後でそいつに聞いたが、ようは学年変わりの時に言えなかった挨拶をずっと……それこそ俺が折れるまでずっと言いたかっただけらしい。


「一度折れた俺に助かる道はない。何をしていてもあいつは絡んでくるし、俺も相手する方が楽なのを覚えちまった。その内見えてきたんだ、1つに固執してたら分からなかった色々がな。」


誉められたやり方じゃねえだろう。一方的に話しかけて、嫌がる相手の言葉を引き出した。無理やり鍵のかかったドアを、合鍵じゃなく蹴り破ったレベル。

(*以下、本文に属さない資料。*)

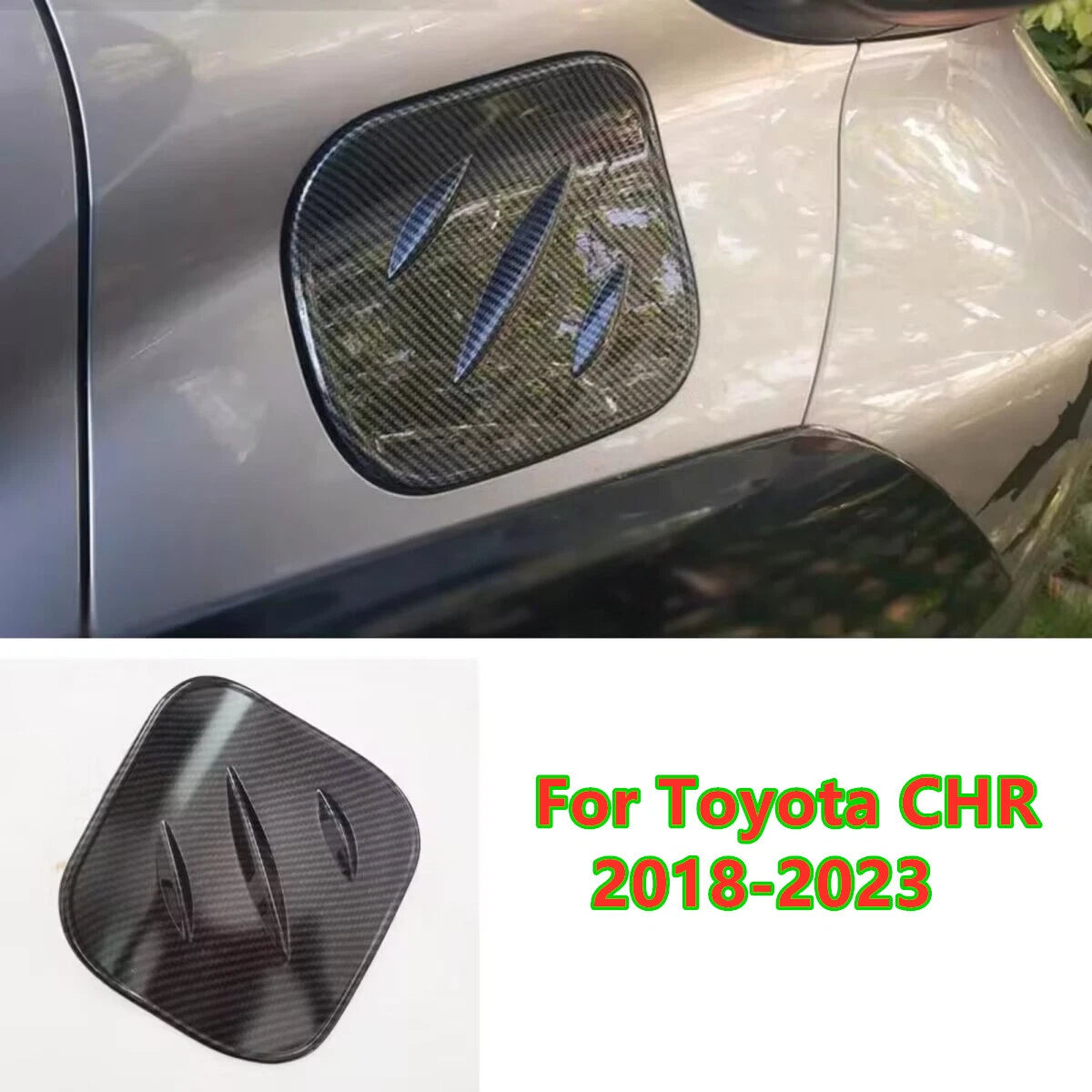 Gas Tank Door Cover Flap Decor Carbon Fiber for Toyota CHR (2018–2023)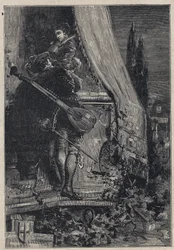 Lucrezia Borgia und Don Gaspare Aversa, Graf von Procida - Gravur aus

「良くある話だよ。世界はこんなに明るいのかとか、人との馴れ合いも悪くねえとか。まあ全部あいつ仕込みさ。形は歪だが、俺は救われた人間になる。下向いてばかりで、顔も上げなかった狭い部屋から出してもらった。」


「……で!」


「で?」


「それで?」


「お前らも全員下向いてたろ。俺と同族の匂いがしてな、あいつの真似事で良い方向に転がりますように!って突撃したんだ。俺みたいに視野が広がるか、もう手も届かないのかって試したかったのかもな。」


ただの自己満足、エゴで他人の領域に足をいれる。中々無茶な話だが、俺はそれで明るさを知った。そんな教えられた俺が、何か教えれたらと構ったのがこいつらだ。


「……どうだ!感動したろ!」


「まあ良い話だな!」


「ああ良い話だが……うーむ。」


「そもそも自分はそこまで踏み込まれてないが。」




なんだコイツら受け悪いな。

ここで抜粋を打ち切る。